As a small team of two people it may seem a bit over complicated to introduce the practicalities of source control. Or may be what I mean is “revision control“.
I think this is the best time to do it though, because you can learn how it works, how it doesn’t work how you may think and what can go wrong. For example, for the current project we’re both working on an ActionScript v3 project in FlashDevelop, utilising BitBucket. The first stumbling block we happened upon was that, the two don’t directly integrate. It involves the use of at least three to four other applications which, handily, are compacted together into tools such as TortoiseHg and PuTTY – the former contains some hybrid of Mercurial/Git to some extent.
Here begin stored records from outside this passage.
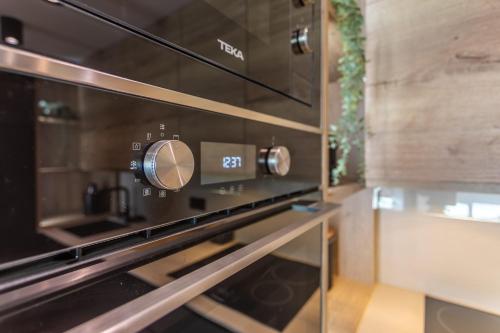 a microwave oven sitting on top of a counter at Terrace, sea view, pool, parking space & fibre in Tarifa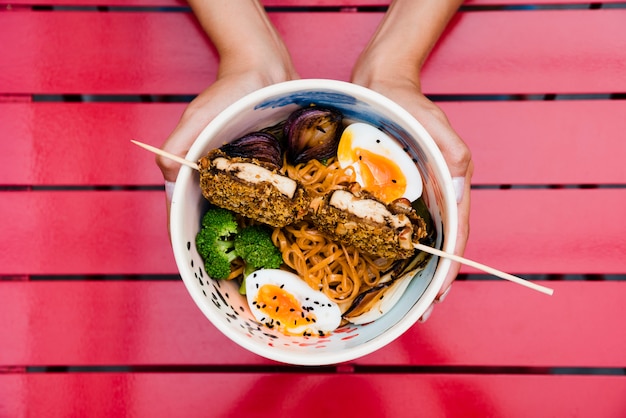 Primer plano de la mano de una mujer sosteniendo un tazón de fideos ramen con huevo; cebolla y brócoli en rojo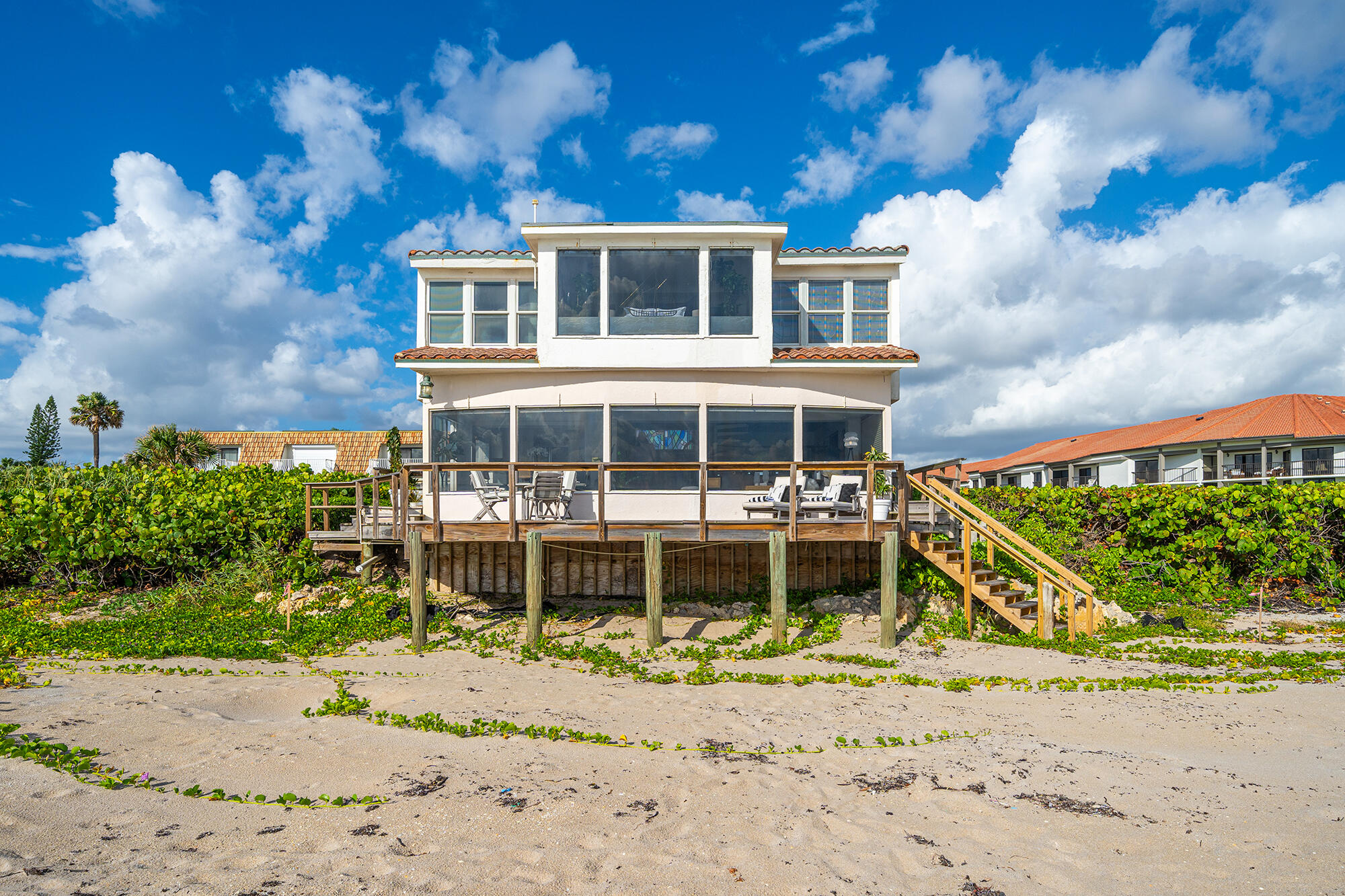 One of a kind ultimate beach house directly on the sand! Rarely available, SEAWATCH enjoys the south Florida splendors - morning sunrises, salty air, and panoramic views of the ocean.  SEAWATCH is a sophisticated coastal gem but with a relaxed feel.  This unique, exceptionally private home offers two bedrooms plus an office or room for a third bedroom to be enjoyed by family and friends. Situated on a pristine location where land meets the sea this healthy haven provides privacy and multiple outdoor spaces to enjoy your fitness and wellness routines - yoga, swimming, paddle boarding, surfing or al fresco dining on the open air patio. Host beach volleyball or simply enjoy a cheeseburger in paradise! Conveniently located to Palm Beach, dining and shopping.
So after discovering that the SourceControl in FlashDevelop doesn’t appear to work beyond ‘Commit’ for the files that have changed (synchronising, especially on the fly doesn’t appear to work from the guides we have found) that having more than one person share the ‘main’ or ‘trunk’ of your project source is just not a good way to go about it:
Simply put, partly because I lack the ability to describe what’s going on short of the Wikipedia article on source control, it turns into a mess as shown by what I will call the ‘tree’ (or headed Graph) on the left hand side.
Suffice to say, we’ve decided that to help separate development it may actually be better for us to have a main project which either one or no persons work on it directly, but they ‘fork’ it (effectively making a copy) and then commit and push to their own, with ‘builds’ of files they’ve changed, pushed to the main ‘trunk’ (or main project as I stated) which then means, there’s only merges done that make sense and people can happily mess up their own copy, while re-cloning or pulling from the trunk as required.
It’s taken a bit to get our head around, I try to think of it as a main river splitting off into streams, or a tree trunk into branches (probably the common analogy).